Direct ophthalmoscopy

The direct ophthalmoscope (Figure 1) is inexpensive, widely available, and portable, but it has a number of significant limitations as a screening tool for diabetic eye disease. Because it lacks stereo viewing capability, it may not detect diabetic macular edema (DME). By contrast, the biomicroscope typically used in an ophthalmology office has stereo viewing capability (Figure 2). For this and other reasons, the biomicroscope, when used in conjunction with a high-magnification contact lens, is considered the standard diagnostic instrumentation for diabetic retinopathy.[3,4] A further significant limitation of the direct ophthalmoscope is the wide variation in the sensitivity and specificity of this device to detect sight-threatening diabetic eye disease.[5] For example, remarkably high degrees of sensitivity and specificity relative to ophthalmologists using standard instrumentation were attained in one study of well-trained diabetologists (eg, endocrinology subspecialists) and community screeners (diabetologists: 82.5% sensitivity, 98% specificity; screeners: 83.3% sensitivity, 96.8% specificity).[6] By contrast, other studies have shown that non-ophthalmologists using direct ophthalmoscopes may miss around half of cases of diabetic retinopathy.[7,8] A study which compared non-ophthalmologists using direct ophthalmoscopy and ophthalmologists using indirect ophthalmoscopy against retina specialists using stereo fundus photographs found that the non-ophthalmologists could detect proliferative diabetic retinopathy (PDR) with 49% sensitivity and 84% specificity, while the ophthalmologists using indirect ophthalmoscopy (Figure 3) attained 96% sensitivity and 93% specificity.[7] A more recent study found that the sensitivity and specificity of direct ophthalmoscopy (relative to 7-field fundus photographs) to detect any degree of retinopathy was 46% and 93%, respectively, even though the exams had been performed by skilled ophthalmologists.[8] Nevertheless, in healthcare settings with limited resources, direct ophthalmoscopy through dilated pupils is accepted as part of the minimum standard of care proposed by the IDF for type 2 diabetes.[9]

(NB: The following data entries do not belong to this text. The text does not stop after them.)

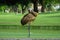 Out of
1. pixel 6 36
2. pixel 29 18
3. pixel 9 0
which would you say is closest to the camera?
pixel 6 36

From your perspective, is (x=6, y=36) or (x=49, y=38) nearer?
(x=49, y=38)

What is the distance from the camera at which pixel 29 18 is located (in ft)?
57.5

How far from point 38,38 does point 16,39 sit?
0.96 metres

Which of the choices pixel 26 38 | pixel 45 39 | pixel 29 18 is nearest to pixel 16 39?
pixel 26 38

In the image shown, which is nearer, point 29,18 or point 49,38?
point 49,38

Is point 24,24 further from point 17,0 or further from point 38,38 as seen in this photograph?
point 17,0

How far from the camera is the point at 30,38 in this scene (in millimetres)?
Answer: 11672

Figure 1. Direct ophthalmoscopy is convenient but less sensitive than biomicroscopy.

Figure 2. Slit-lamp biomicroscopy is a standard ophthalmic diagnostic technique.

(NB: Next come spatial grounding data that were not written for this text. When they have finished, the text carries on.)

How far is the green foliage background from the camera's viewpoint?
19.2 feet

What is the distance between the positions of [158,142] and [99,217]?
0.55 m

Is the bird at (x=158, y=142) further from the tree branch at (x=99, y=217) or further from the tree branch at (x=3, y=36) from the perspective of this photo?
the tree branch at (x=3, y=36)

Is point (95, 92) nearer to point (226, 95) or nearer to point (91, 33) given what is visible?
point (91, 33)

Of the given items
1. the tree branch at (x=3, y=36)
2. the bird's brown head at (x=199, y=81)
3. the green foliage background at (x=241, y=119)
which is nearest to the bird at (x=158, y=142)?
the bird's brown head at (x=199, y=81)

Figure 3. Indirect ophthalmoscopy is used by some ophthalmologists to view the peripheral retina.

Stereo fundus photography

In the US, stereo fundus photography is used to document disease severity and response to treatment, often in the context of a controlled clinical trial, less frequently in routine clinical management. In the UK, more extensive use is made of fundus photography for retinopathy screening.[10] Evidence indicates that the higher sensitivity and opportunities for quality assurance make photographs a better option for screening than direct ophthalmoscopy, as noted by the IDF.[9] Fundus photographs may also be used to detect ocular pathology other than diabetic retinopathy.[11]

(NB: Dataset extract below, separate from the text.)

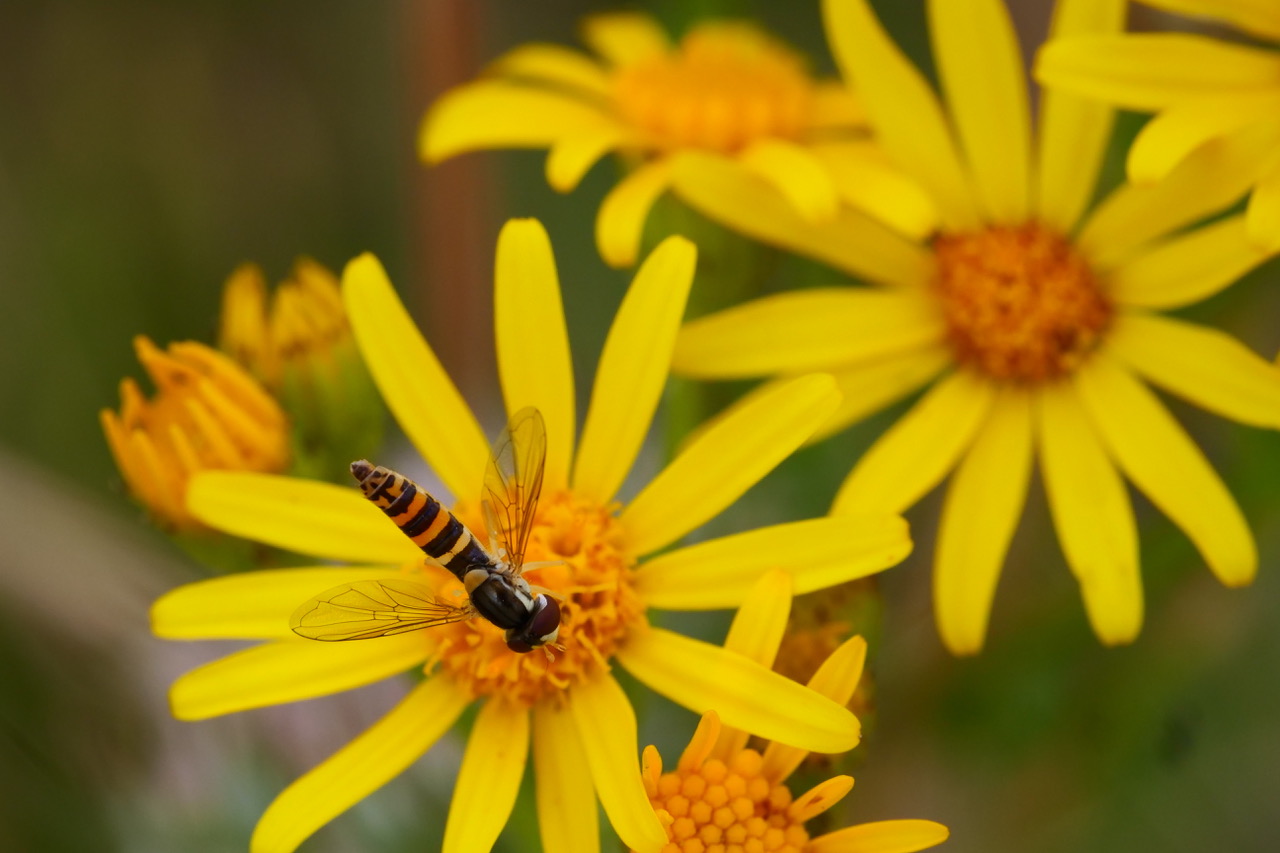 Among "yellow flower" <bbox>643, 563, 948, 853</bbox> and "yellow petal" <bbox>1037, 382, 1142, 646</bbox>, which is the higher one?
"yellow petal" <bbox>1037, 382, 1142, 646</bbox>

Both trained photographers and trained readers are required to make effective use of photographic techniques. The gold standard in fundus photography procedures was established by the University of Wisconsin-Madison Department of Ophthalmology and Visual Sciences Fundus Photograph Reading Center using analog (eg, film) cameras for the Early Treatment of Diabetic Retinopathy Study (ETDRS). The Fundus Photograph Reading Center continues to provide training materials and photographer certification services for 7-field standard stereo color fundus photography.[12] The portions of the retina included in the 7 standard fields are shown in Figure 4. Other photographic protocols (and screening devices) may use fewer fields. Single-field screening by a trained reader compares favorably to 7-field stereo photographs, with a sensitivity of 61-90% and a specificity of 85-97%.[13]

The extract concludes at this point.